What you are asked to do.
Each line of the material should be set down exactly. Pictures are not part of the copy.

++++++++

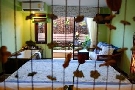 Thajsko - Krabi  - Phra Nang Inn ***
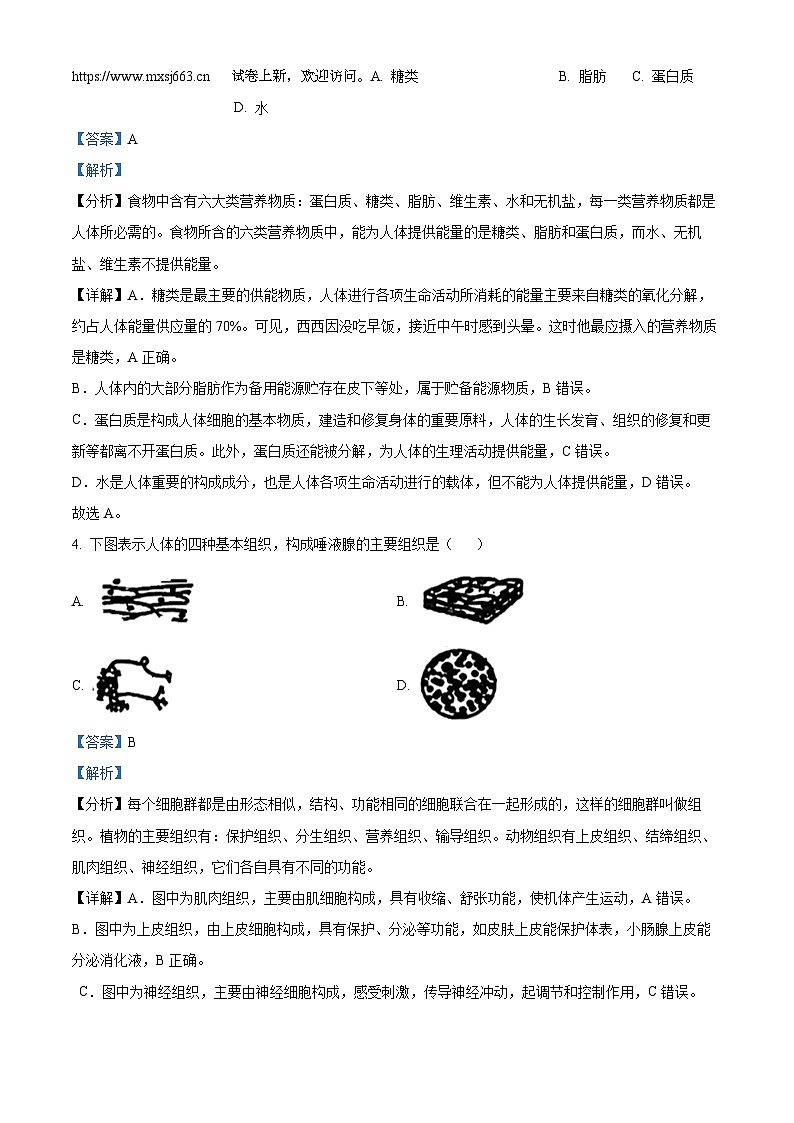 10，2024年山东省日照市新营中学中考二模生物试题02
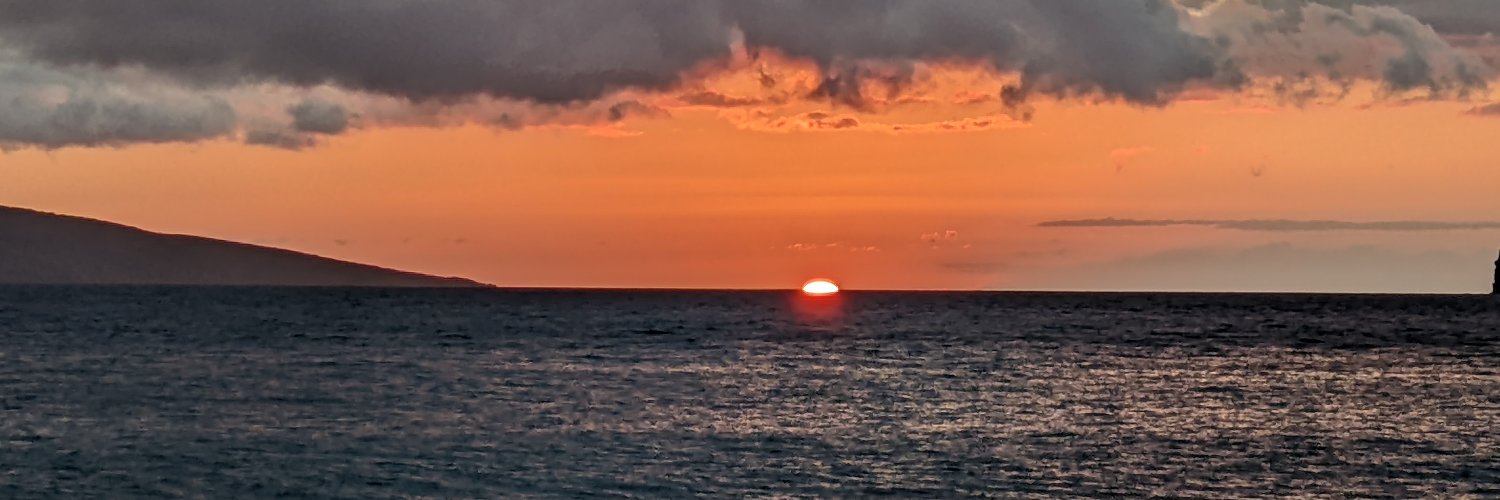 darcierankin's profile banner image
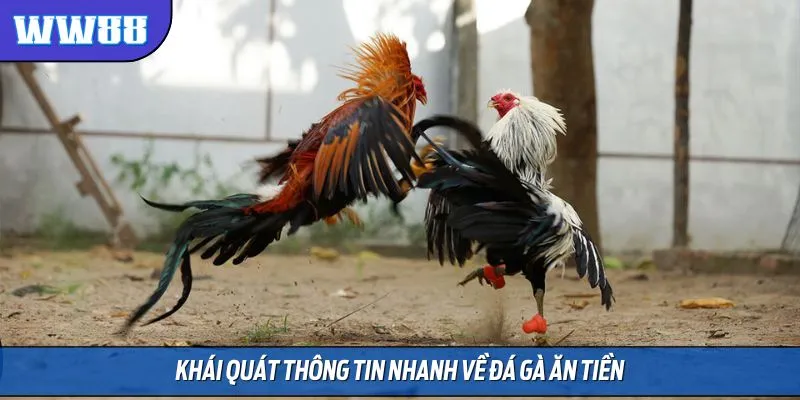 Khái quát thông tin nhanh về đá gà ăn tiền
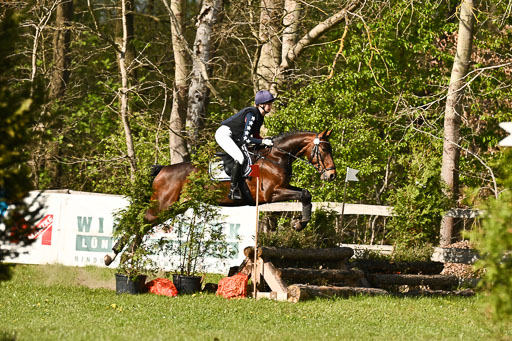  | 25042025 Stil Gelände E _490 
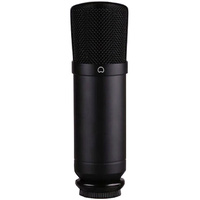 Studio Condenser Microphone Large Diaphragm Recording Vocal Instrument Mic DP Stage DPC400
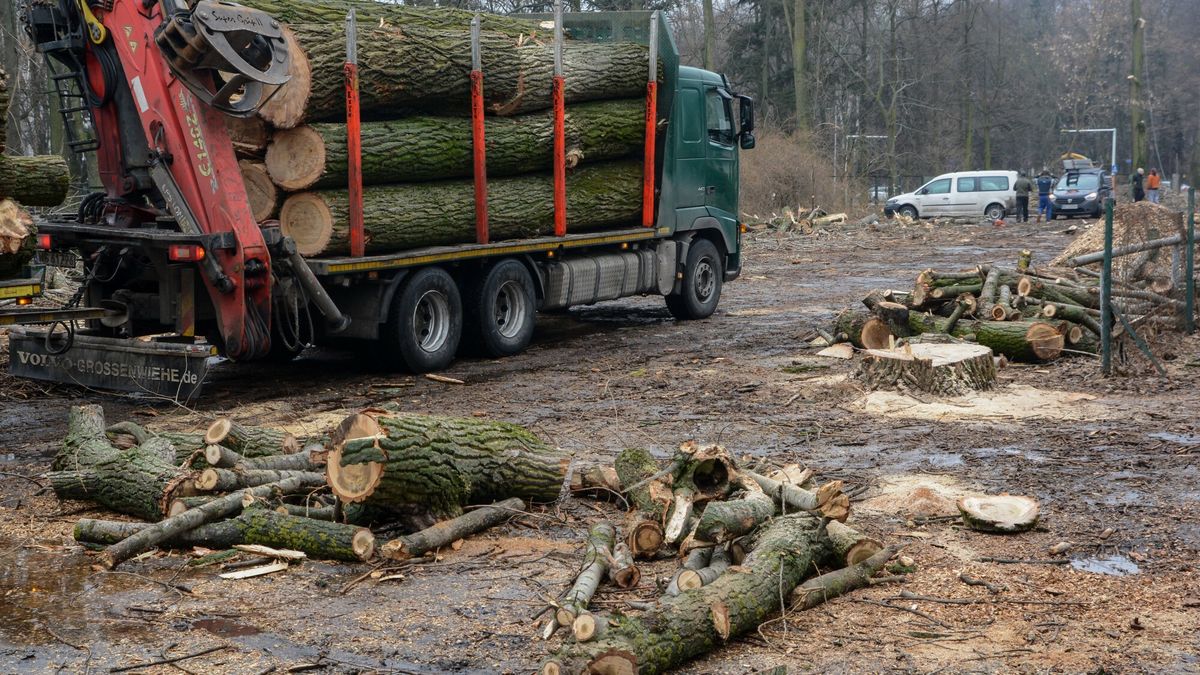 Warszawska masakra pi?? mechaniczn?
Fot. Mariusz Gaczynski / East News Warszawa, Powisle, 20.02.2017 Wyciete drzewa przy Szpitalu Czerniakowskim.
MARIUSZ GACZYNSKI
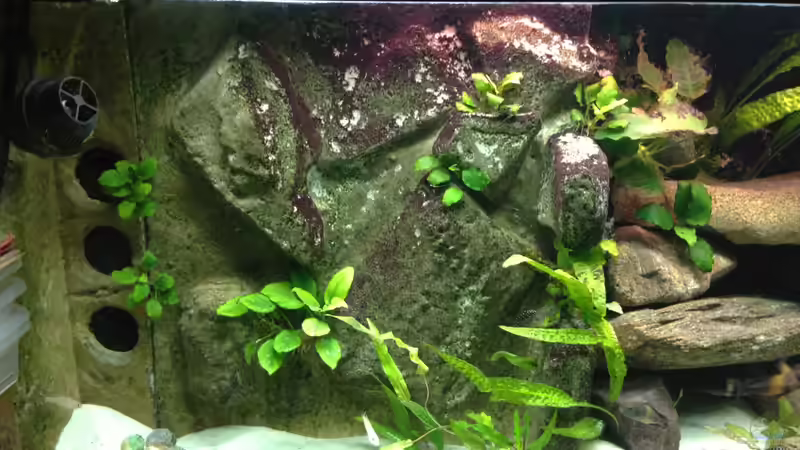 Strömungspumpe und Einlauf für den Filter von Thomas Nohr (5)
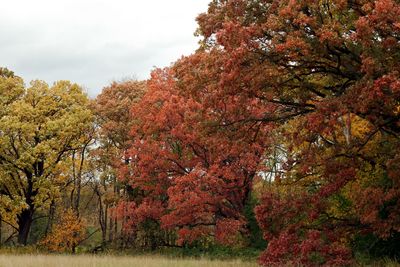 Fall's Artwork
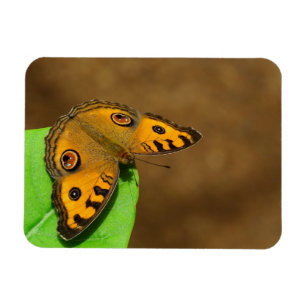 Ímã Borboleta de pântano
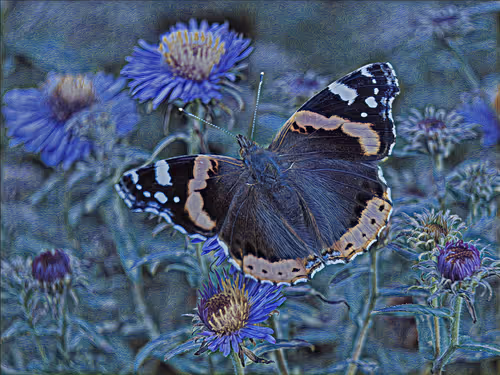 Item #75164984898551115248887010361709320867309151549896276985250492807477226110977 Media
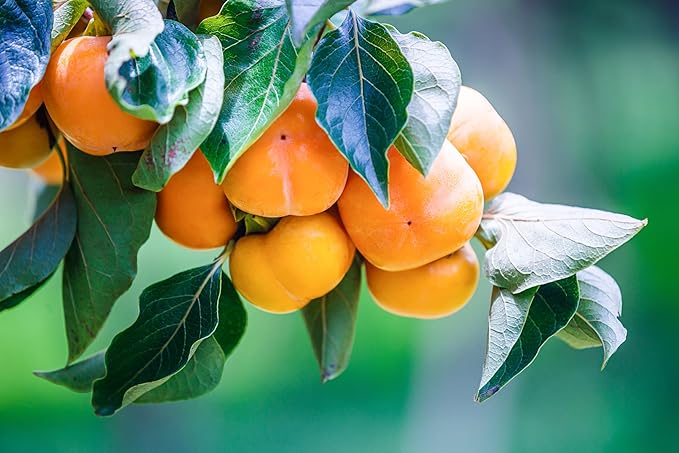 American Persimmons Fruit Tree Seeds for Planting - Sweet, Tangy Persimmons to Grow at Home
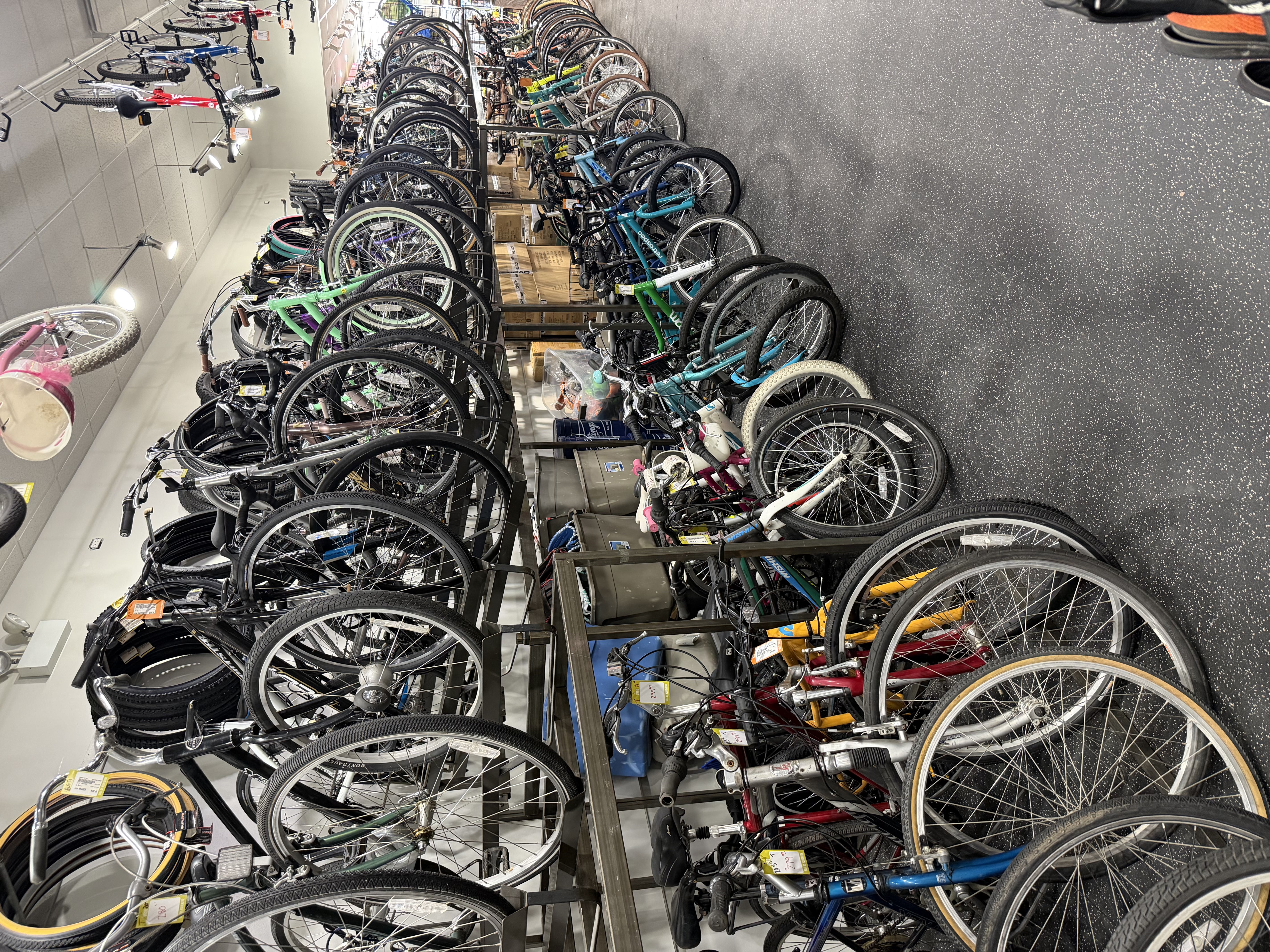 Two rows of bikes
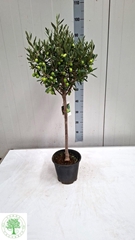 Olea Europaea 20Ø 100cm
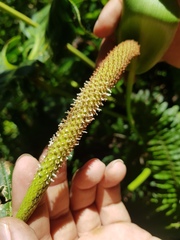 Anthurium concinnatum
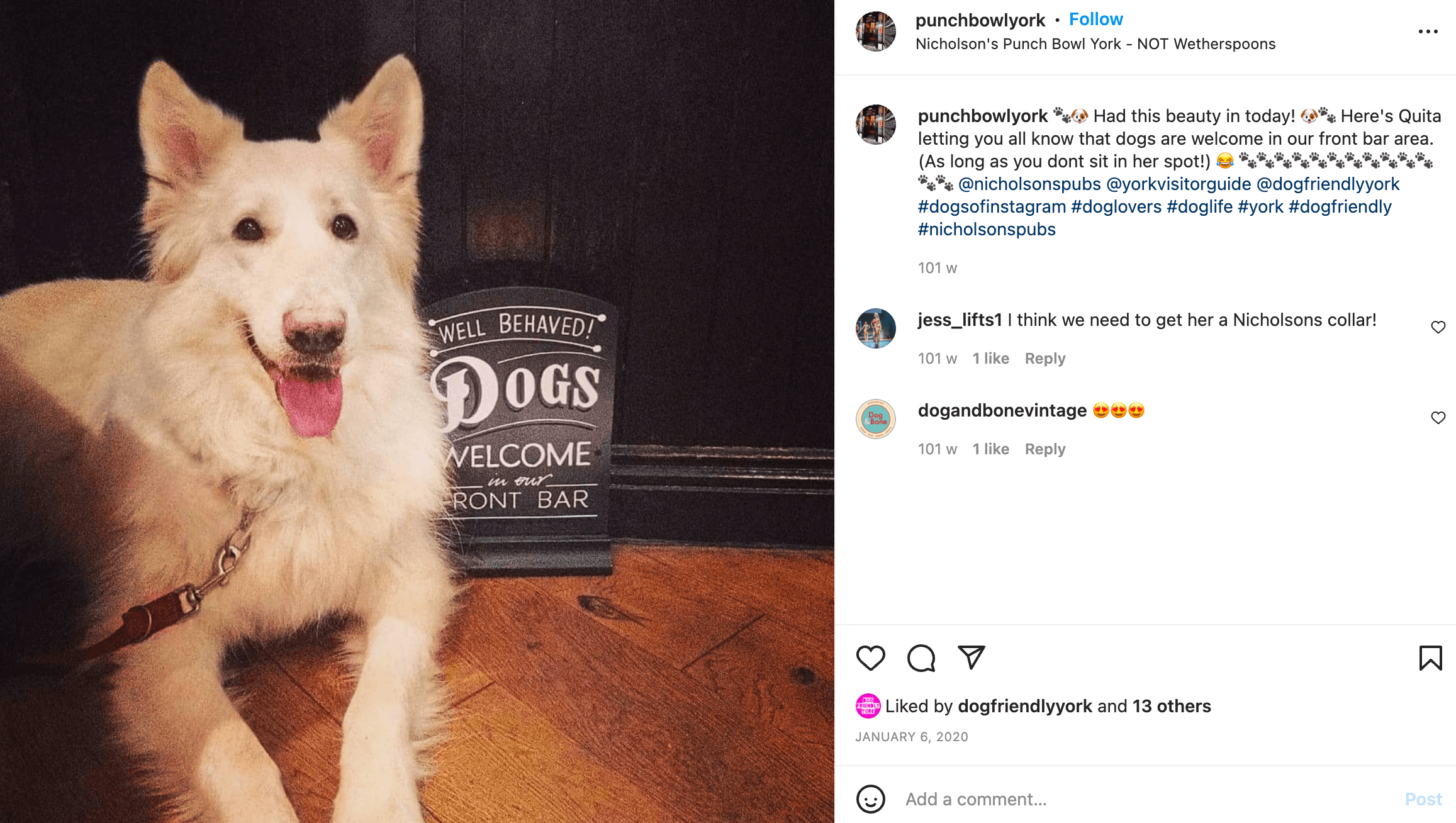 Instagram post of a large white dog lying down next to a 'dogs welcome' sign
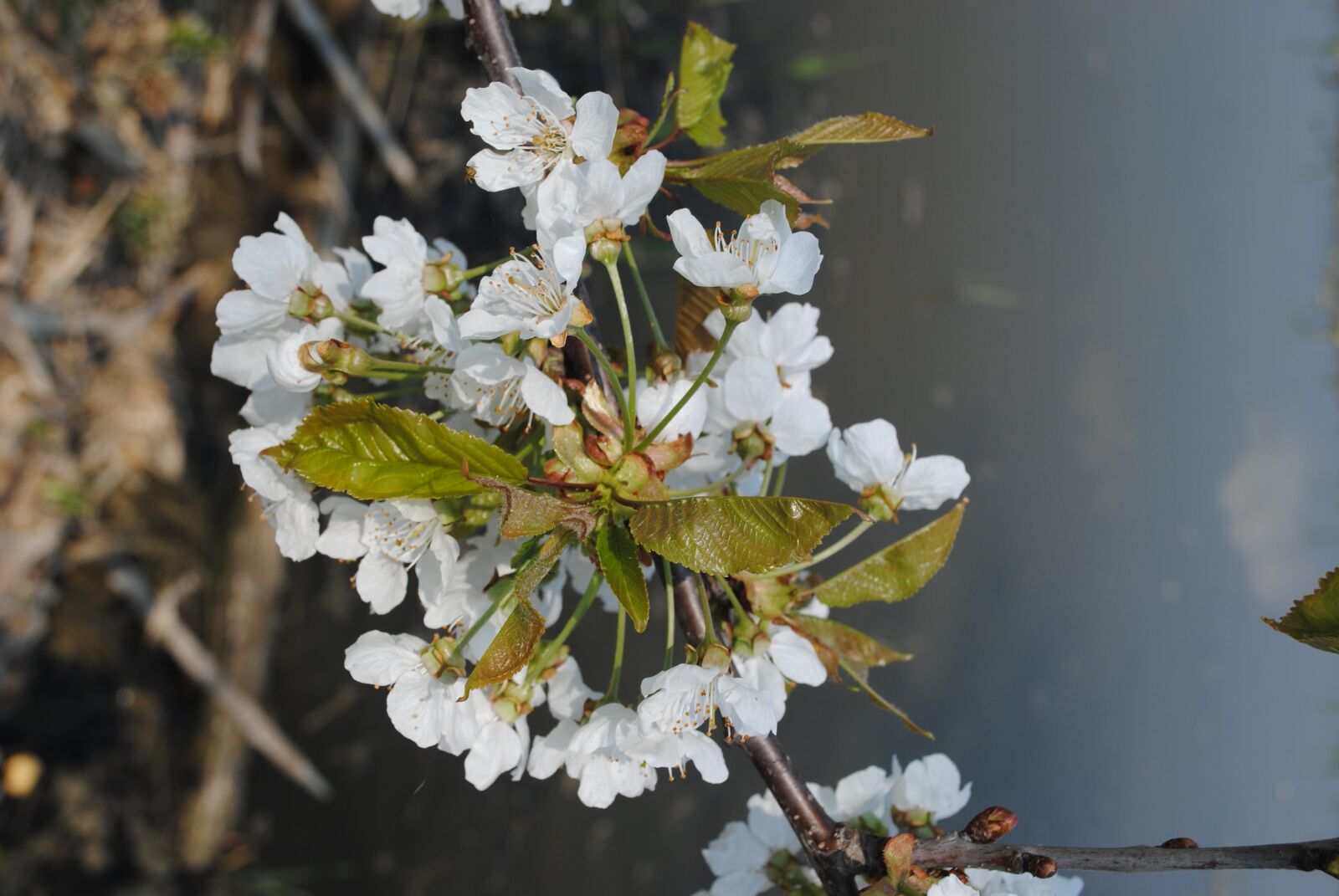 Nikon D3000 sample photo. Nature, spring, tree photography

++++++++

Result below.
 Thajsko - Krabi  - Phra Nang Inn ***
 10，2024年山东省日照市新营中学中考二模生物试题02
 darcierankin's profile banner image
 Khái quát thông tin nhanh về đá gà ăn tiền
  | 25042025 Stil Gelände E _490 
 Studio Condenser Microphone Large Diaphragm Recording Vocal Instrument Mic DP Stage DPC400
 Warszawska masakra pi?? mechaniczn?
Fot. Mariusz Gaczynski / East News Warszawa, Powisle, 20.02.2017 Wyciete drzewa przy Szpitalu Czerniakowskim.
MARIUSZ GACZYNSKI
 Strömungspumpe und Einlauf für den Filter von Thomas Nohr (5)
 Fall's Artwork
 Ímã Borboleta de pântano
 Item #75164984898551115248887010361709320867309151549896276985250492807477226110977 Media
 American Persimmons Fruit Tree Seeds for Planting - Sweet, Tangy Persimmons to Grow at Home
 Two rows of bikes
 Olea Europaea 20Ø 100cm
 Anthurium concinnatum
 Instagram post of a large white dog lying down next to a 'dogs welcome' sign
 Nikon D3000 sample photo. Nature, spring, tree photography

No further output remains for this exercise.